*** Opening of Given records ***
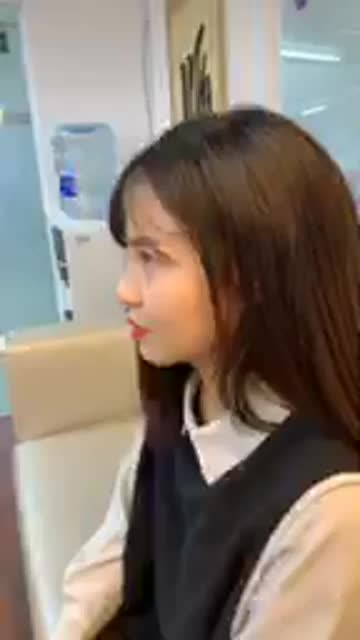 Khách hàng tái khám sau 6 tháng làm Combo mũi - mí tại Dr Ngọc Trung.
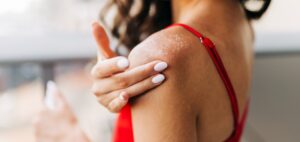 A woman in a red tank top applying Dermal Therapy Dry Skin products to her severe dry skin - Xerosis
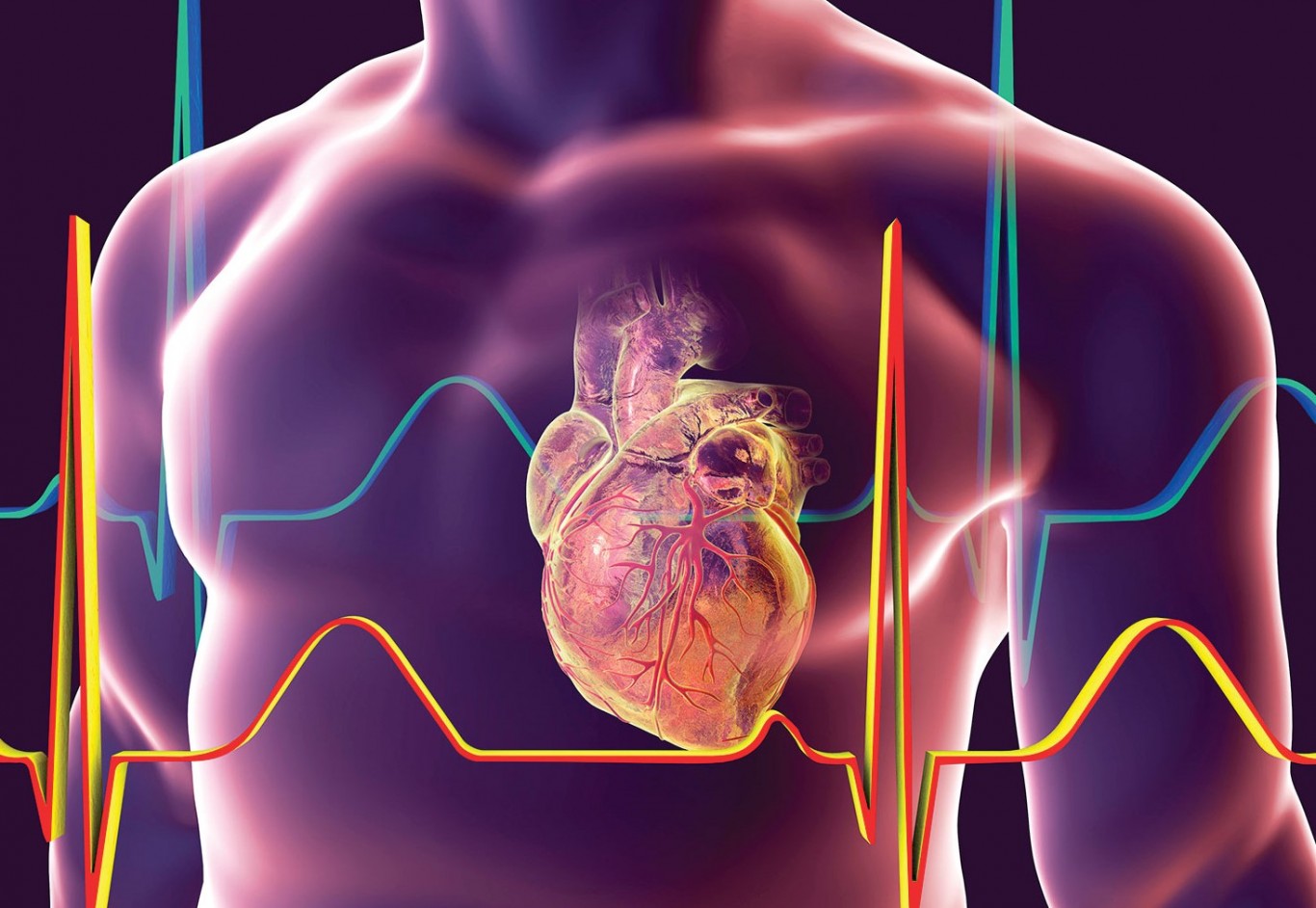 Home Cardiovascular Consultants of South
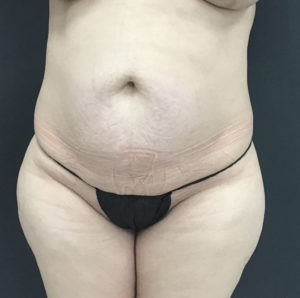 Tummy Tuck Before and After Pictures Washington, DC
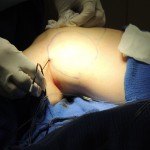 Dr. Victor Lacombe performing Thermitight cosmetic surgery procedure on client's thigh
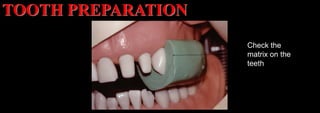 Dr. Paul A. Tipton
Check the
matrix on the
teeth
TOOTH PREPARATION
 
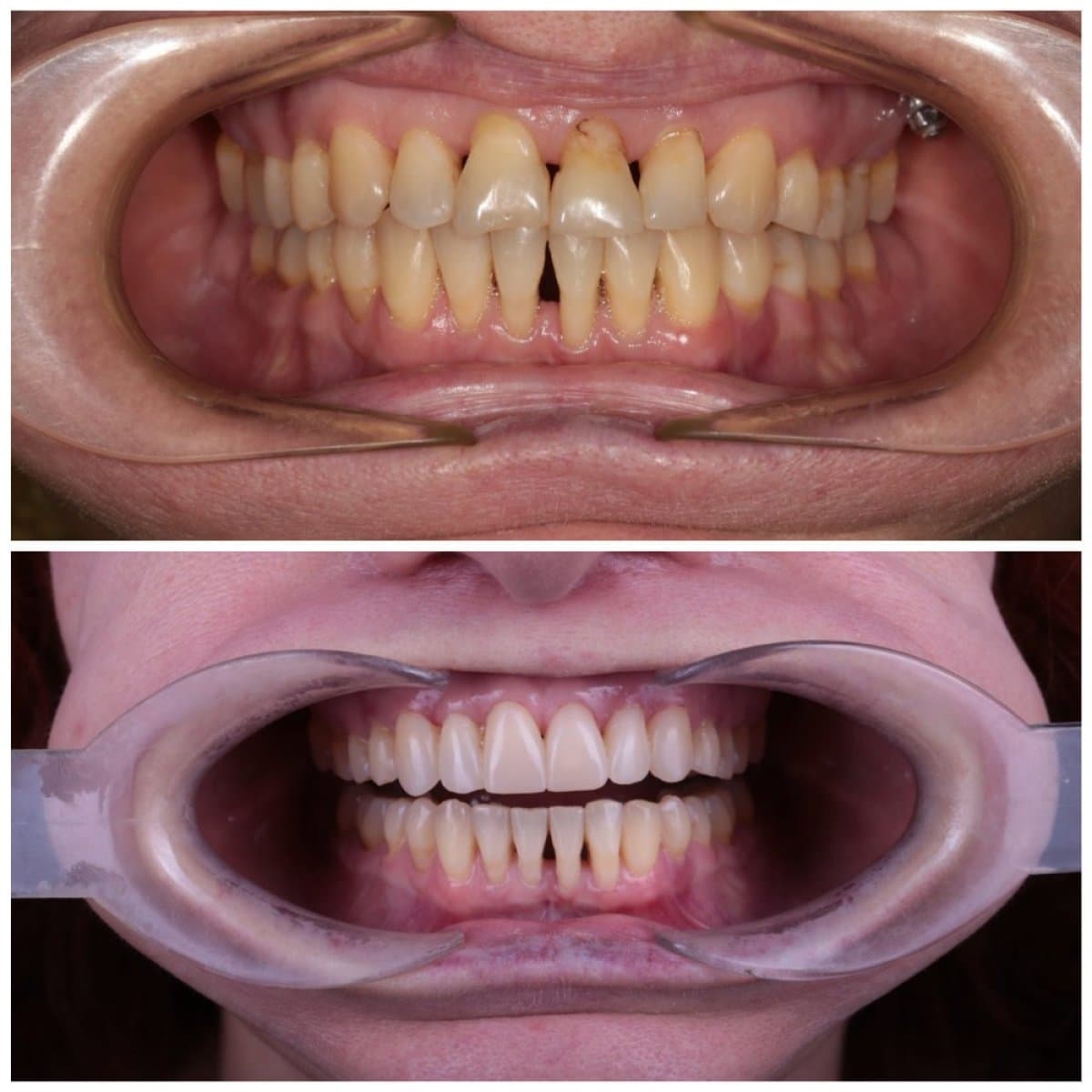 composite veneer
*** Close of Given records ***
Task goal
Write the records out exactly, dropping every image.

Answer section
 Khách hàng tái khám sau 6 tháng làm Combo mũi - mí tại Dr Ngọc Trung.
 A woman in a red tank top applying Dermal Therapy Dry Skin products to her severe dry skin - Xerosis
 Home Cardiovascular Consultants of South
 Tummy Tuck Before and After Pictures Washington, DC
 Dr. Victor Lacombe performing Thermitight cosmetic surgery procedure on client's thigh
 Dr. Paul A. Tipton
Check the
matrix on the
teeth
TOOTH PREPARATION
 
 composite veneer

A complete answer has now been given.